When the good folk at Orbit decided to pick up my Acts of Caine novels, they asked me to contribute a blog-post-slash-promotional-essay or two for their website. I dislike writing about myself in any kind of biographical sense; if I thought that where I was born, my family, education, hobbies and pets and private life generally were any of your business, I’d write memoirs, not heroic fantasy.
I also have very little interest in commenting on my stories. My comments are the stories. Now – despite my dislike – I’ve done both of these things, and reasonably often, because that’s what people keep telling me I have to do to promote my books. The Good Folk, however, gave me license to write whatever I want.
I want to write about what I believe.
Most of what follows will be about story, because I make stories the same way I breathe: even to pause requires an act of will, and if I ever stop, it’s because I’m dead.
So… This I believe:
Not all honest writing is good, but all good writing is honest.
What’s not said is as important as what is. Often more important.
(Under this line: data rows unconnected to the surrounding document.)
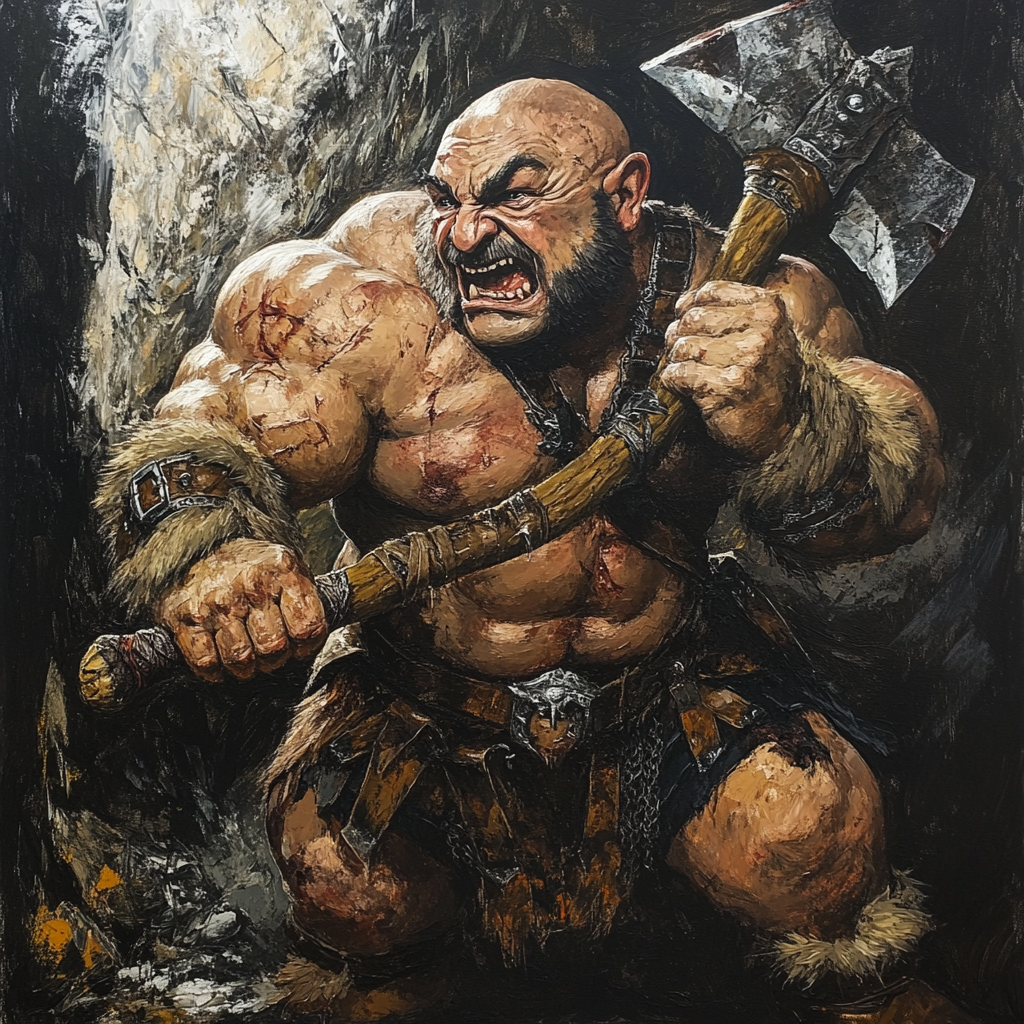 Danny DeVito as Mountain Dwarf Barbarian smashes orc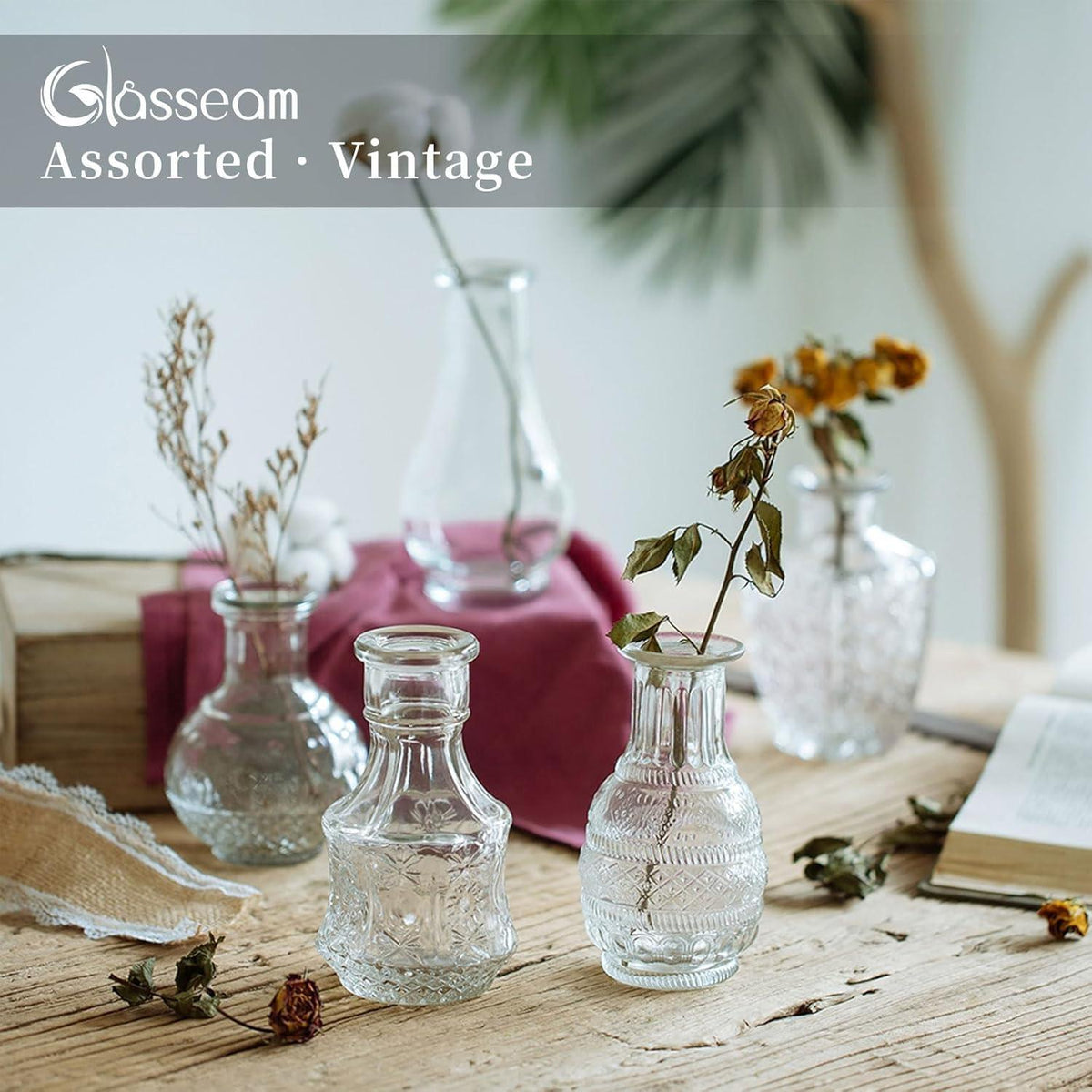 Vintage Glasvase 5er-Set Blumen Bud Mini-Erbsenvase Deko Hochzeit Klar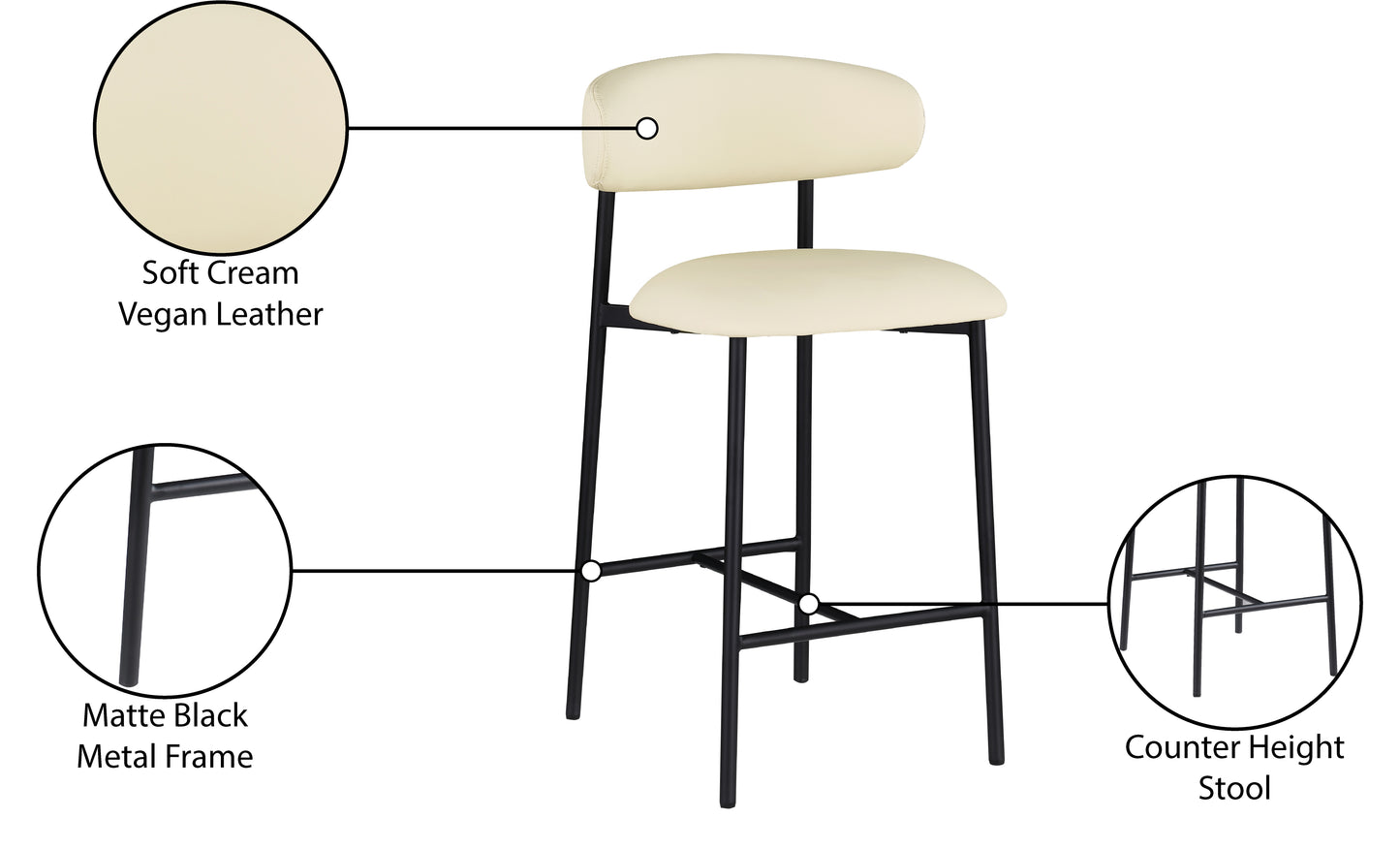 xoxo cream vegan leather counter stool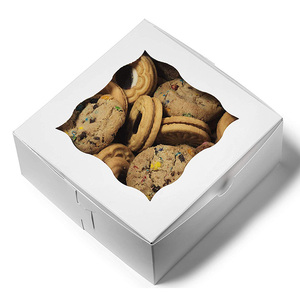 Bánh Trắng bánh ngọt hộp với cửa sổ 6x6x2.5 "Pastry container Cookie tráng miệng Hộp bao bì cho bánh Bánh Donut <span class=keywords><strong>Macaron</strong></span> - Product Image 2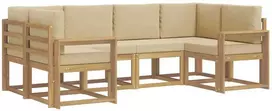 Lauko sofos komplektas 6 vnt. 6 vietos Balta ir kreminė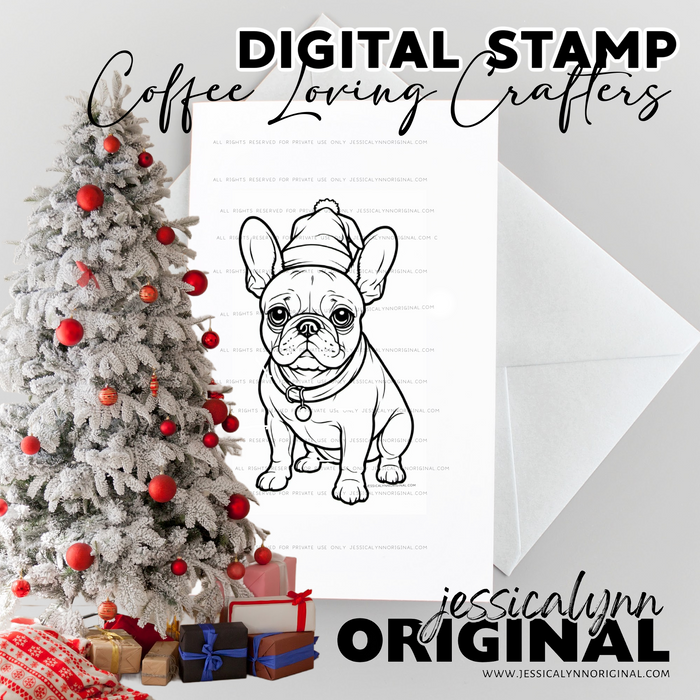 Instant Download Christmas French Bulldog – Digital Rubber Stamp by JessicaLynnOriginal for DIY Crafts & Holiday Projects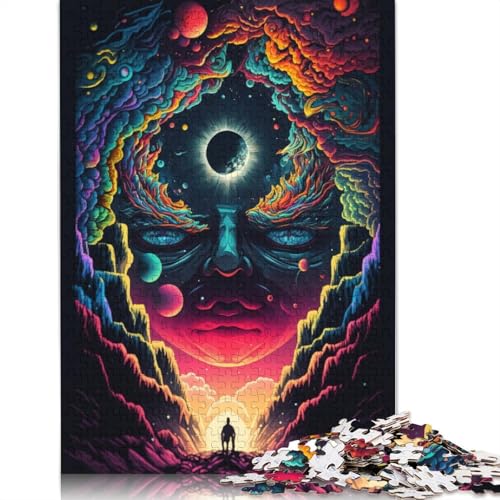 Puzzle für Erwachsene, Psychedelischer Totenkopf, 1000-teiliges Puzzle für Erwachsene, Holzpuzzle für Erwachsene und Kinder, schwierige und schwere Puzzles für Frauen und Männer, 75 x 50 cm von LiJianXXR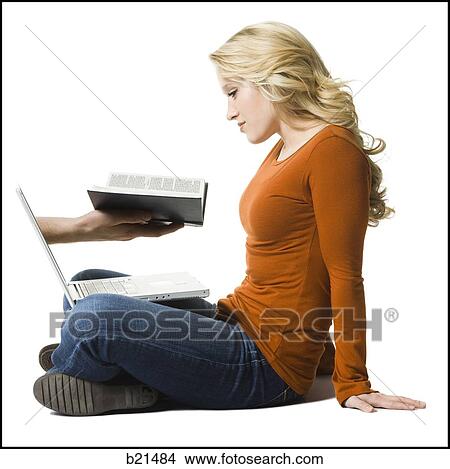 woman reading on a computer View Large Photo Image Picture - woman reading on a computer. Fotosearch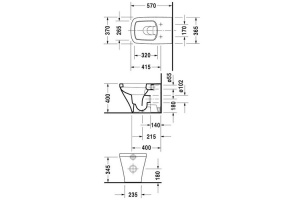 Чаша для напольного унитаза Duravit DuraStyle белый, без сиденья (2150090000) - 2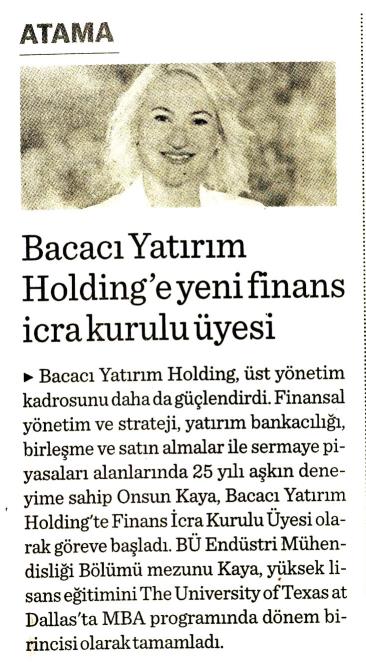 Bacacı Yatırım Holding'e yeni finans icra kurulu üyesi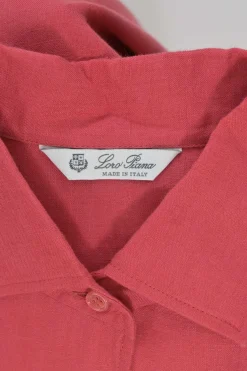 Salmon pink linen dolman sleeve button-front belted shirt dress with classic collar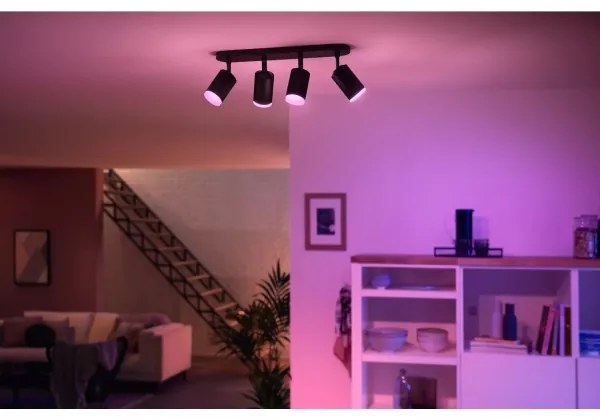 Philips Hue FUGATO LED RGBW spot 4xGU10/4,2W/230V negru dimabil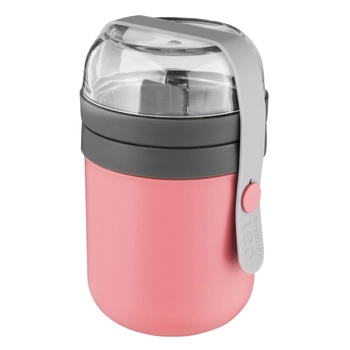 BergHOFF – Podwójny pojemnik obiadowy Leo – różowy, 0,47 l + 0,18 l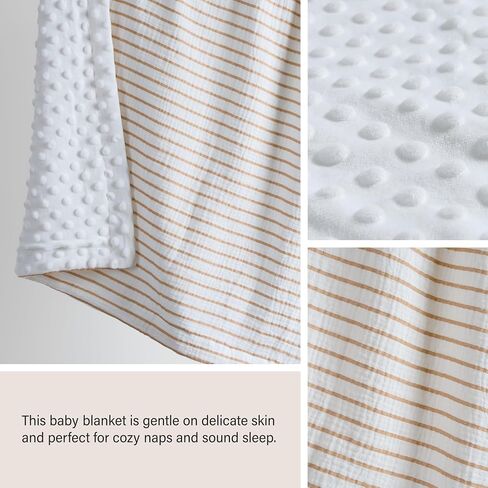 Meracorallo Baby Blankets for Unisex Boys and Girls, Super Soft Nursery Bed Blankets, Printed Throw Blanket with Muslin Cotton Front and Minky Dotted Fleece Backing, 30" x 40", Neutral Stripe in Saudi Arabia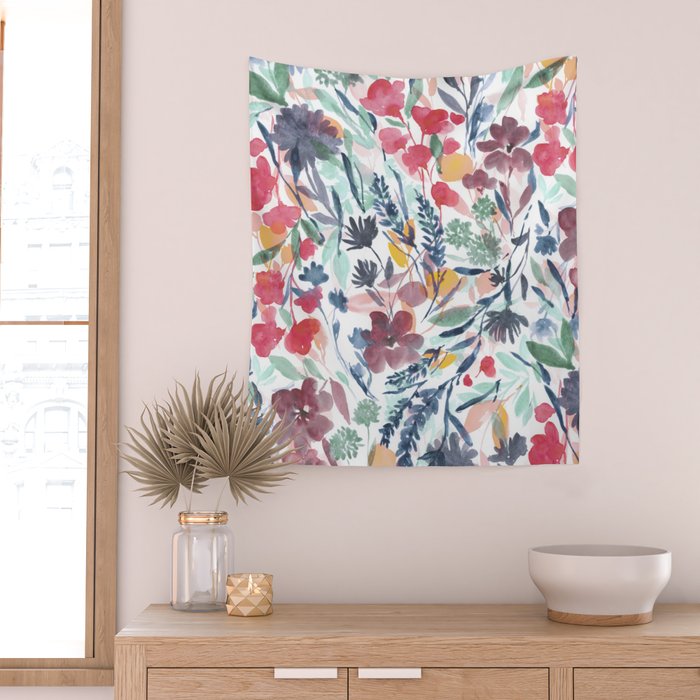 Upside Floral Deep Wall Tapestry Gallery Image 2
Most of the trick to writing is knowing what to leave out.
It’s easier to make people cry if you’ve already made them laugh. And vice versa.
Whatever a story’s other virtues, if it’s not entertaining you, you’re wasting your time. A story is only great if it’s great for you. Personally.
What any work of art means depends on who you are when you look at it. What you get out of a book depends on what you bring to it. A book is only marks on a page (or pixels on a screen). The story is what happens in your imagination as you scan those marks. Books aren’t deep. Some readers are.